Создавая новый поэтический язык, свободный от макаронизмов и сарматской напыщенности, Нарушевич не смог, однако, до конца выдержать строй классицистической стилистики. Тяжеловесные метафоры, причудливая орнаментация, специфические неологизмы, надуманная архаизация и инверсия выдавали в нем профессора поэтики и риторики недавнего прошлого.

Эти отзвуки «сарматской лиры» уже не коснулись поэзии Станислава Трембецкого (1739—1812), выступившего в середине 70-х годов, когда умолкает Нарушевич, увлеченный работой над фундаментальной «Историей польского народа». Королевский секретарь, эрудит, чья молодость прошла в Париже, Трембецкий, дебютировав в зрелые годы, сразу выступает как поэт сложившийся и свободный от сарматских влияний. Его описательные поэмы, оды, послания, панегирики, фрашки и лирика, проникнутые просветительскими идеями, содержащие острую и смелую для того времени критику не только феодальных отношений и морали, но и католицизма (вплоть до недвусмысленных замечаний в адрес папы), стилистически отточены, многообразны по ритмике, отличаются новизной силлабических стихотворных форм. Он первым вводит в польскую поэзию алкееву строфу, создает ритмический тринадцатисложник с гармонически выдержанной цезурой, получивший широкое распространение в 80—90-е годы. В баснях его проступают свойственные польскому фольклору элементы силлаботонизма. Воскрешая традиции польского возрождения, зачастую отказываясь от классицистически универсальной обобщенности, Трембецкий рельефно выписывает сценки, образы и типы наблюдаемой действительности, смело включает в поэзию живую разговорную речь. Введенным Нарушевичем классицистическим жанрам поэт придает чисто национальное своеобразие, насыщая их польским колоритом как в сюжете, так и в языке, стиле. Видя в поэтическом слове особое художественно выразительное средство, он во многом предвосхищает польских романтиков, которые нарекли его своим предтечей.
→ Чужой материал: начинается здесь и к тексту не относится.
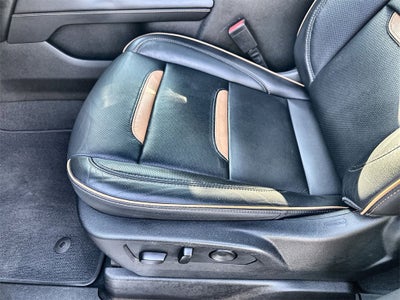 2022 GMC Yukon XL AT4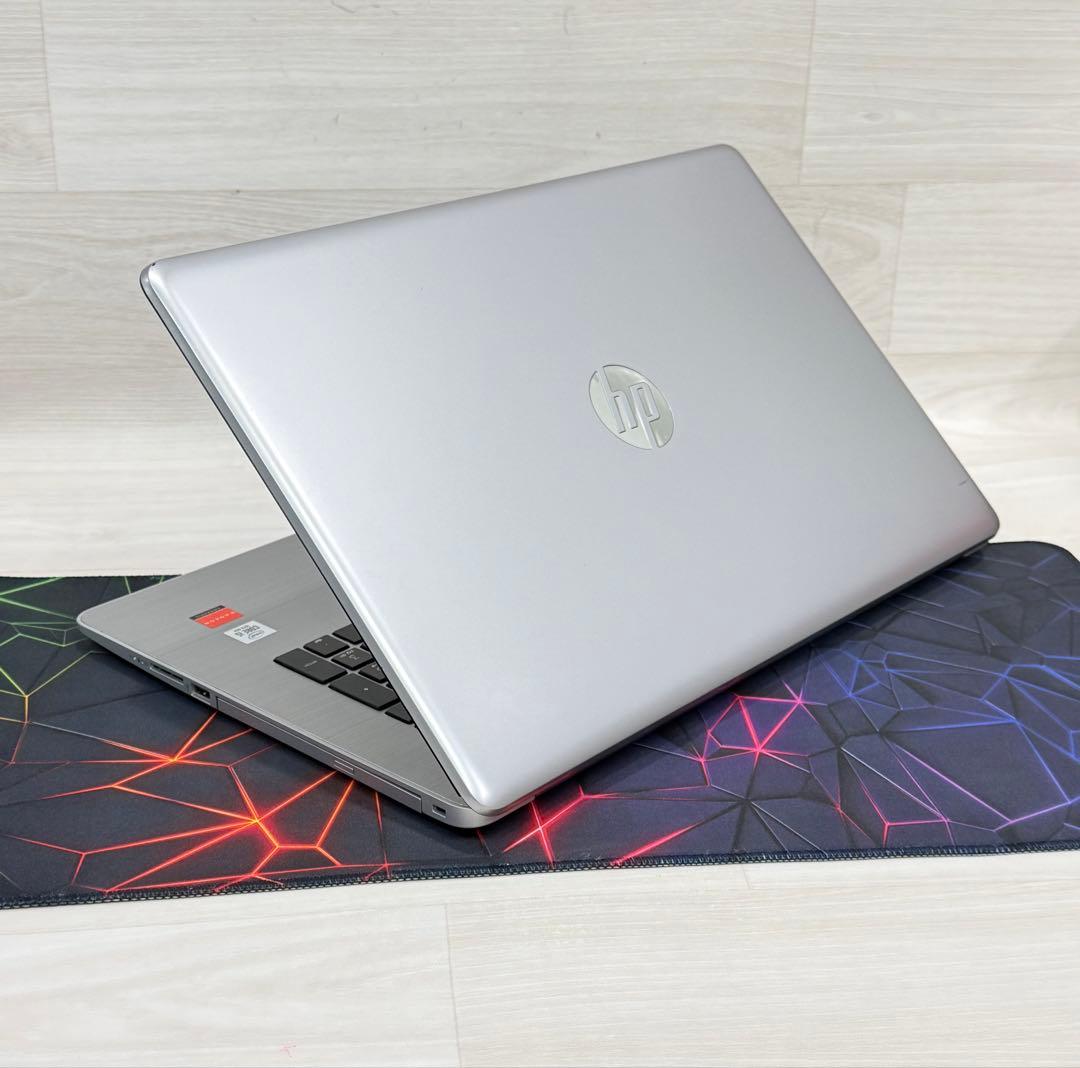 10世代HPノートRadeon搭載/16GB/256+1TBフルHD 17インチ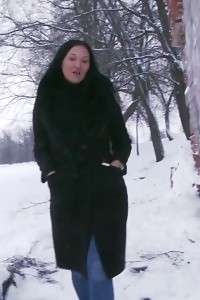 Lady Beautiful Dasha Takes A Leak Desperation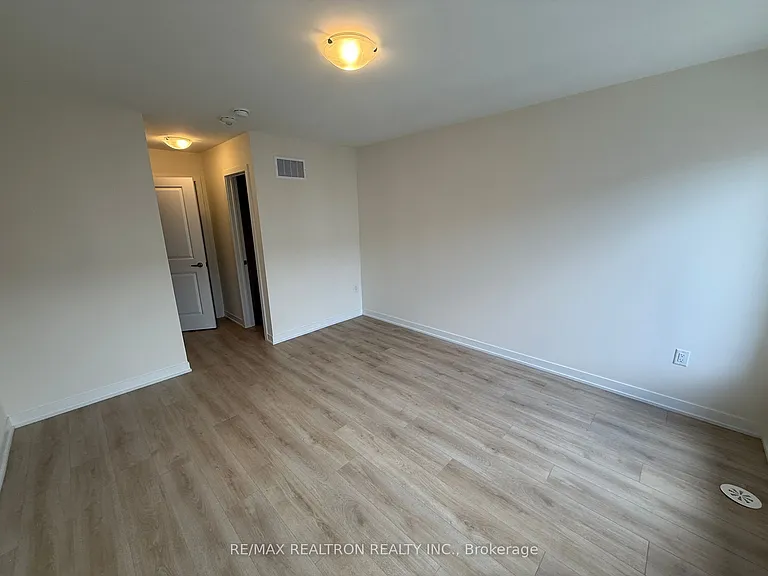 1695 Dersan St E #1206 — Photo 15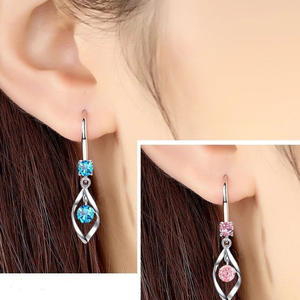 Pendientes Colgantes de Plata 925 Zuochi con Cristal Blanco y Diseño Geométrico, Joyería Clásica para Mujer, Ideal para Bodas - Product Image 6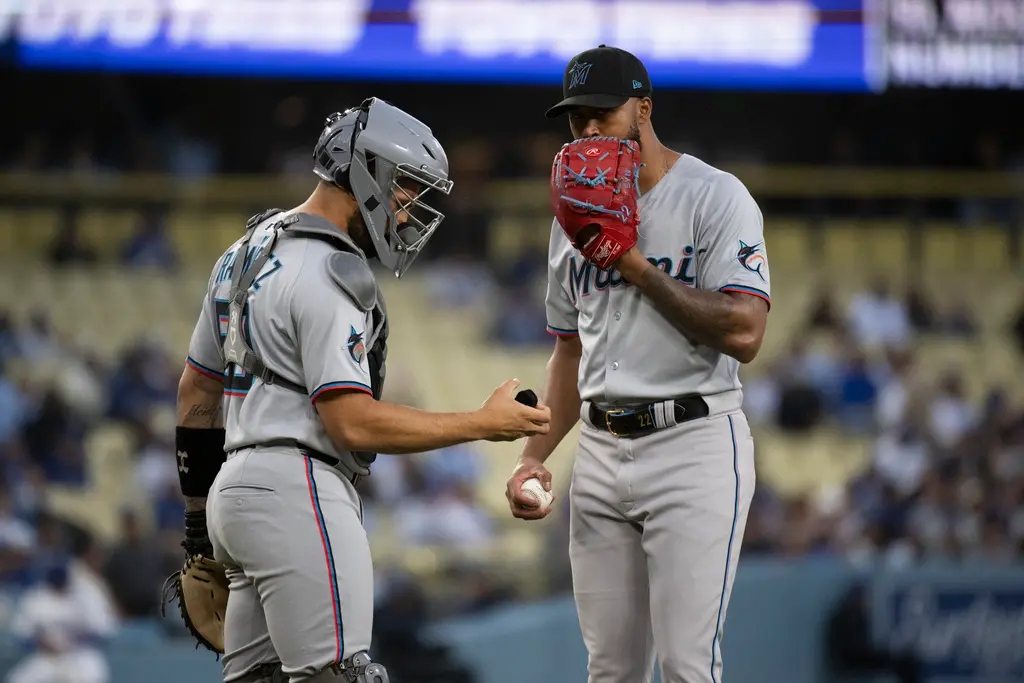 ▲美國職業棒球大聯盟（Major League Baseball）邁阿密馬林魚塞揚強投Sandy Alcantara昨（30）日遭洛杉磯道奇打線血洗，開賽首球就被大谷扛出全壘打牆，投不到三局就痛失7分，寫下本季最慘紀錄。（圖／美聯社／達志影像）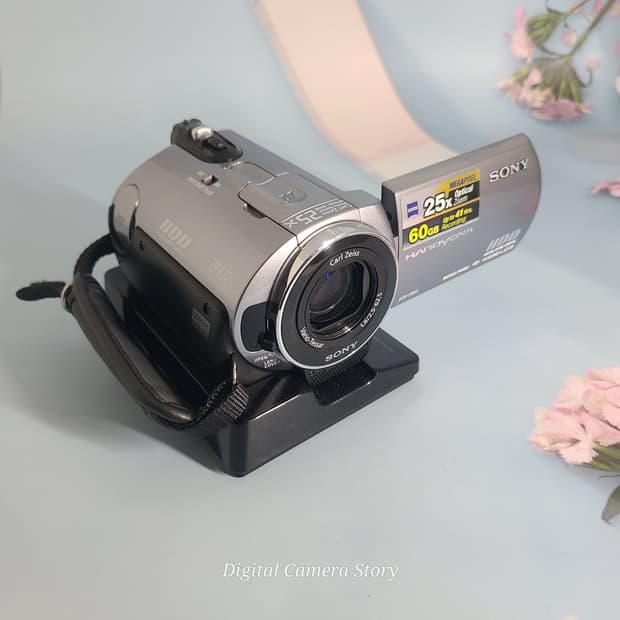 소니 DCR-SR62 핸디캠 60GB HDD 캠코더 (빈티지 카메라)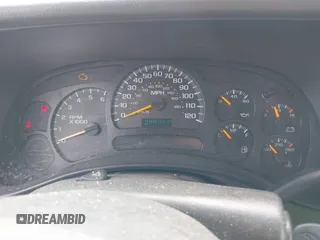2005 Chevrolet Silverado 1500 Z71 z VIN 1GCEK19Z25Z282216, wystawiony jako IAAI lot #41931370 z przebiegiem 194 961 mil mil oraz . Historia ofert i sprzedaży dostępna na DreamBid. Obrazek 7.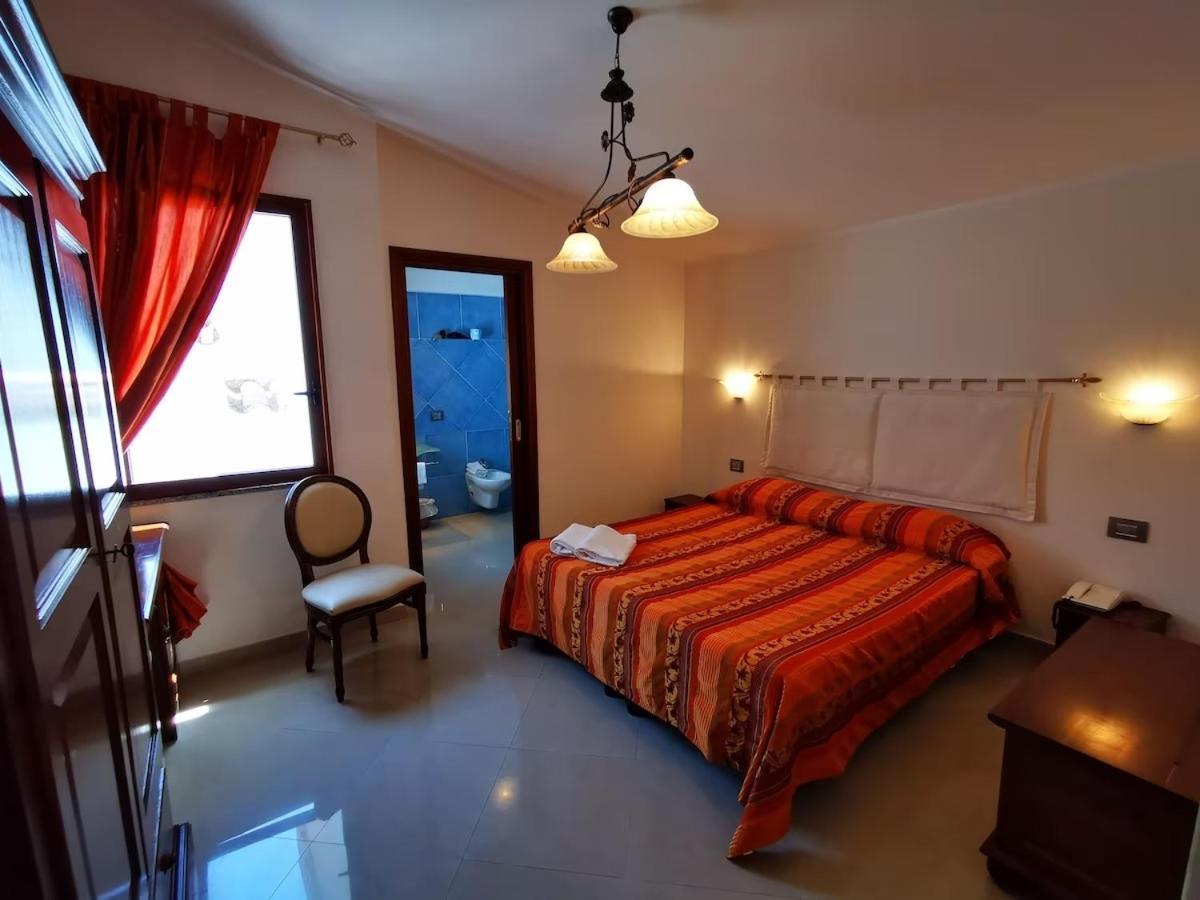 Hotel Hieracon Carloforte  Ngoại thất bức ảnh
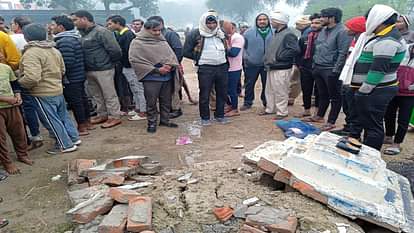 वाहन से क्षतिग्रस्त हुई अंबेडकर प्रतिमा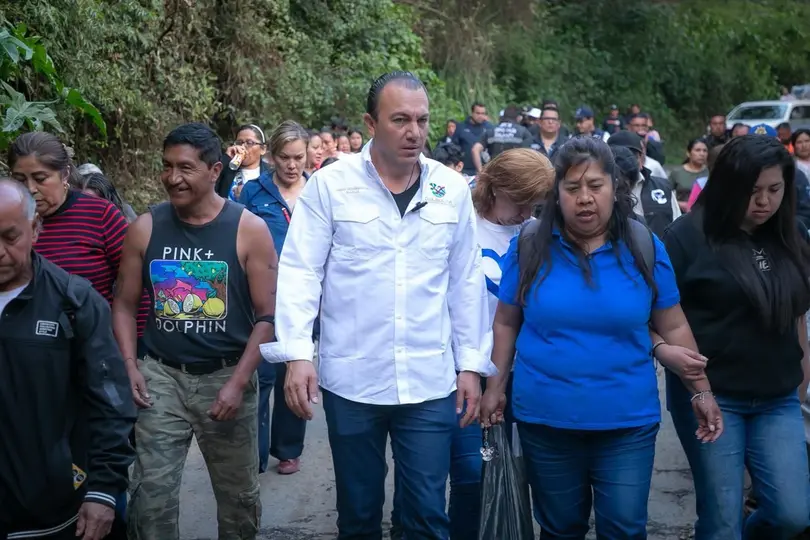 El alcalde Carlos Orvañanos Rea estuvo presente en los trabajos de limpieza / Especial
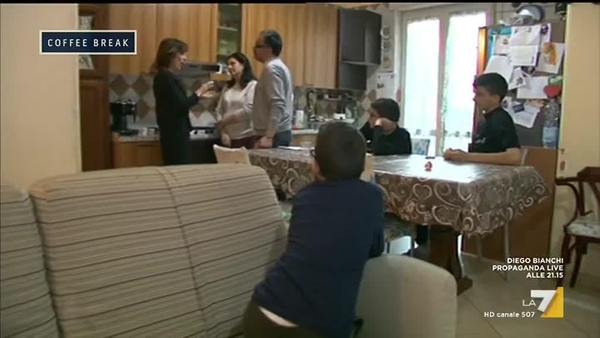 famiglia calo il padre lascia la moglie con 14 figli tagada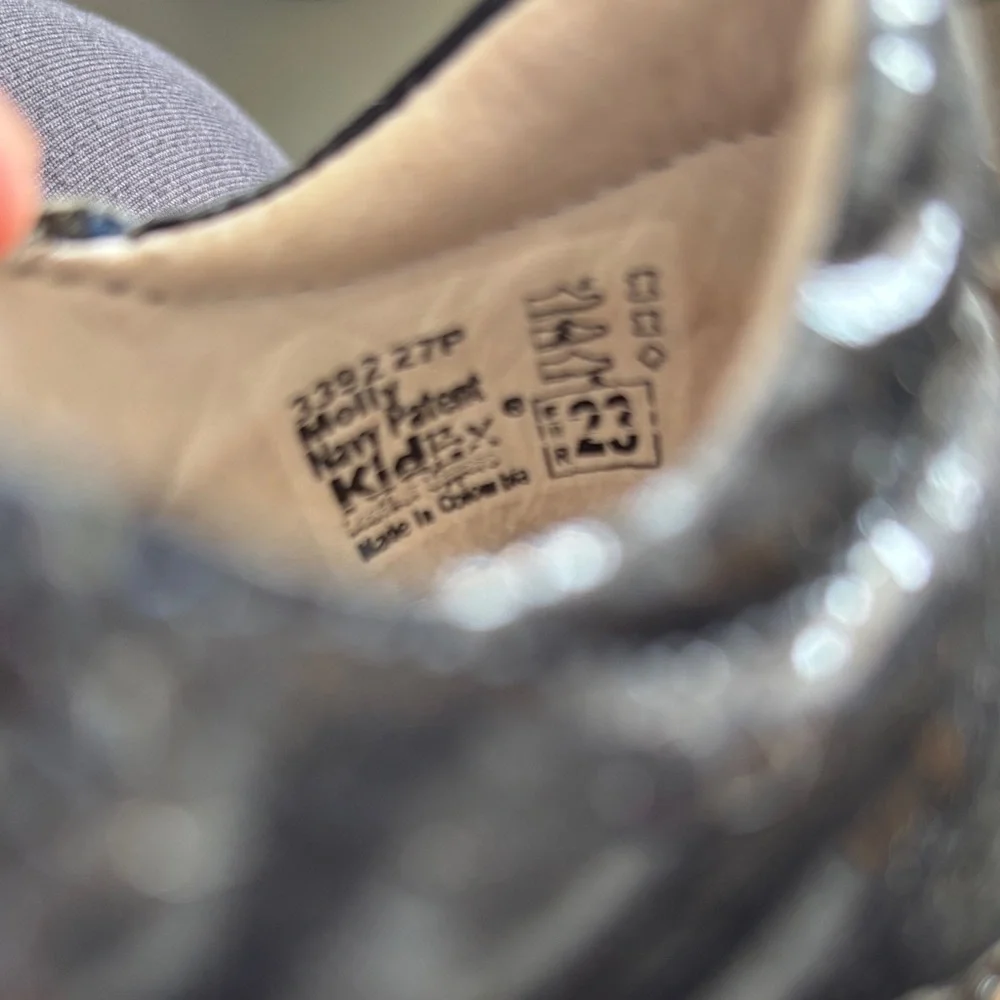Classic blue Mary Jane girls shoes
Басни Трембецкого примечательны не только реально-бытовой фабулой, но нередко и социально намеченным конфликтом, сочной разговорностью языка, речевым портретом. Подобное отношение к художественному изображению отличает и комедию Трембецкого (по мотивам Вольтера) «Блудный сын» (1780), обличающую пережитки прошлого в шляхетской среде. В лирике поэта видны веяния рококо. Легкие полутона, переливы настроений, будто на лету схваченные движения и жесты, светское остроумие и тонкий юмор, обостренное чувство ритма — все это, наряду с версификаторским мастерством, подымает его стихи до вершин лирической поэзии польского Просвещения.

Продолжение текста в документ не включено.